The concept of an “insurance event that may happen with the bank” is introduced into this new law without specifying what terms and details may be considered as an “insurance event” – at which point the insurance company would think the event occurred. In insurance, the terminology base has to be worded with extreme accuracy because it is a basis for the business and all possible conditions when an insurance event may become such are stipulated. But none of this is mentioned in the new law, insiders point out.

In effect, under the new law it would be sufficient for a regulator merely to consider banking activity as being insecure and unsafe. At that point, the entity would have a right to make a decision to withdraw the bank’s shares from its shareholders ‘with fair compensation’ without there even being any definition of what defines ‘fair compensation’ in the law.

While any bank considers ‘fair compensation’ as market capitalization, the supervisory body can determine shares’ value on its own, as well as decide what shares cost zero, they say. The same body has a right to oblige the bank to sell its shares to any investor indicated by the body itself, they say.

It is obvious that these standards are in conflict with the principle of property immunity vested by the Constitution of the Lithuanian Republic. Under the Constitution property can be confiscated from the owner against its will only under conditions as follows: with observance of legal order, for the public benefit, and on condition of adequate compensation, critics say.

Meanwhile based on the new law’s provisions the assumption is that the only reason for that is the insurance event, that can happen and is determined in the law on endowment insurance. According to the articles of the new law, an insurance event should be considered as filing a petition in bankruptcy or recall of the license for granting financial services.

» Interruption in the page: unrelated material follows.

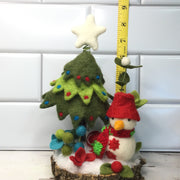 Snowman with Christmas Tree & Flora on Natural Tree Stump/Christmas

Also being questioned is that according to the law the forfeiture of property is bound not with insurance events that already happened but with further ones, critics claim. This raises doubts whether it is possible to likewise assess interpreted public interest as good cause for breach of the property right immunity that is vested by the Constitution and the appropriation of shares.

In the framework of the existing Civil Code the supervisory body has no right to initiate the compulsory sale of the bank’s shares; it has no right to go to the law to demand the forceful sale of shares. In the Code there is a fixed list of subjects who have the right to initiate the sale of bank shares and bank supervisory bodies are not mentioned among them. The Civil Code describes the order of shares sale and specifies the persons who can be initiators of such a sale. The adoption of any law, that broadly uses the norms of the Civil Code and contradicts it, is an obvious infringement of rights and freedoms including the fundamental right for private property, they say.

The bottom line is that these alterations of existing laws are likely to cast doubts for foreign and domestic institutional investors on the attractiveness of making investments in Lithuania as a new EU market, they point out.

Critics ask whether Lithuania needs its own criteria of bank evaluation clouded under the new law. As a rule new EU members bring their laws to conformity with European norms when joining the European Union.

In 1950 the European Counsel adopted its Protocol, “On Protection of Human Rights and Fundamental Freedoms”, where human rights with respect of their own property were clearly stated. These rights assure that nobody could be deprived of his own property unless it is in the interests of society and on conditions foreseen by the legislation and general principles of international law.

It is the essential feature of the general declaration of human rights adopted in 1948 at the session of the UN General Assembly as well, they point out.